Tuesday, August 7, 2012

ESXi Rebuild

While reviewing some material for the Microsoft Exchange 2007 70-236 exam, I rebooted one of my Exchange VMs and was greeted with a blue screen informing me that the registry was corrupted. 

After trying to boot into safe mode and then trying to boot with the last known good configuration option, I tried a system repair using the Windows Server 2008 disc.  I was able to repair one of the hives, however after rebooting I was hit with another blue screen stating that another hive was corrupted. 

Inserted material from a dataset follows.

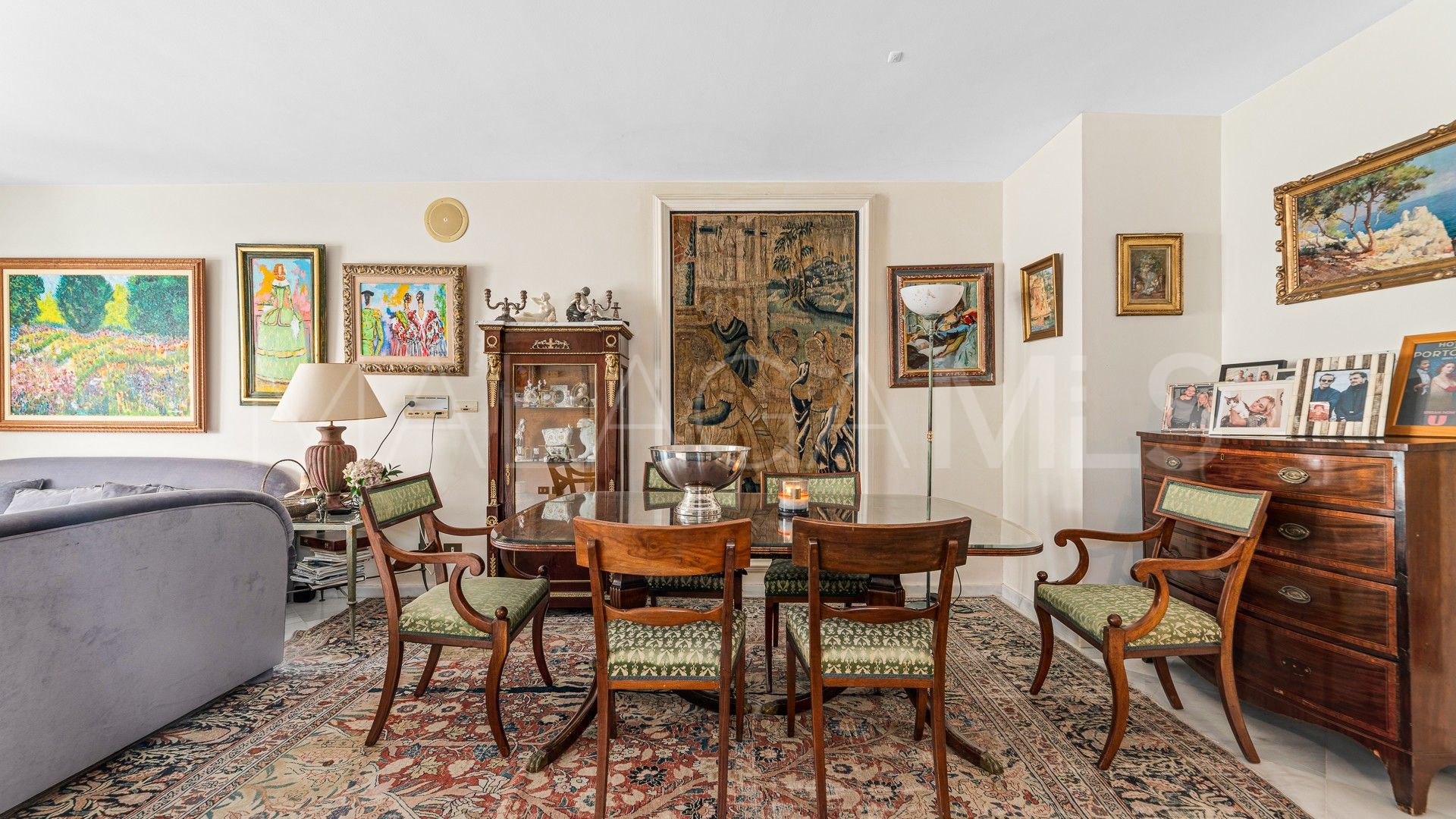 Apartment in Marbella - Puerto Banus for sale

After doing some research online, I found via Microsoft's Knowledge base that there might be an issue with the hard drive.  I then remembered that I'd seen some file system errors on some of my Linux VMs and after logging into a few of them, I noted that almost all of them had file systems errors and the file systems were mounted read-only.  I booted the ESXi server off of a Linux USB key and found that one of the hard drives had 50 bad sectors on it.  I tried running fsck from the ESXi command-line but it appeared to be only available if the host itself could not boot and was not available as a general command-line option. 

I figured that since the drive is bad, I might as well buy a new drive, take an image of the existing drive, and then write the image to the new drive.  I opted to use CloneZilla to take the image but ran into the issue with CloneZilla storing the image files locally on the bootable USB drive before copying them to their final destination (a SMB share I'd set up on my desktop). 

I figured that if I installed the new drive, did a clean install of ESXi 5 on it and then added the existing datastore from the old drive, I could just copy the VMs over and then get rid of the old datastore.  After completing the full install I went into the datastore browser and selected all of the VMs and moved them to the new datastore.  This was a mistake.  It caused the host to almost completely lock up to the point where I had to restart the management agents to regain control.  After doing that I was left with partially copied VMs.  When trying to move the vmdk files over to the new datastore ESXi told me that the files already existed there.  When logging in via SSH to verify, I found no trace of the files on second datastore, but it appeared that ESXi some how created a symbolic link between the source and destination during the move process.  I had to end up renaming the offending vmdk files and then pointing the disks in the VMs to the new renamed vmdk files.  I was able to move almost all VMs successfully. One wouldn't boot due to me selecting 'I moved it' instead of 'I copied it' when starting the VM and four others appeared to have been corrupted from the bad sectors.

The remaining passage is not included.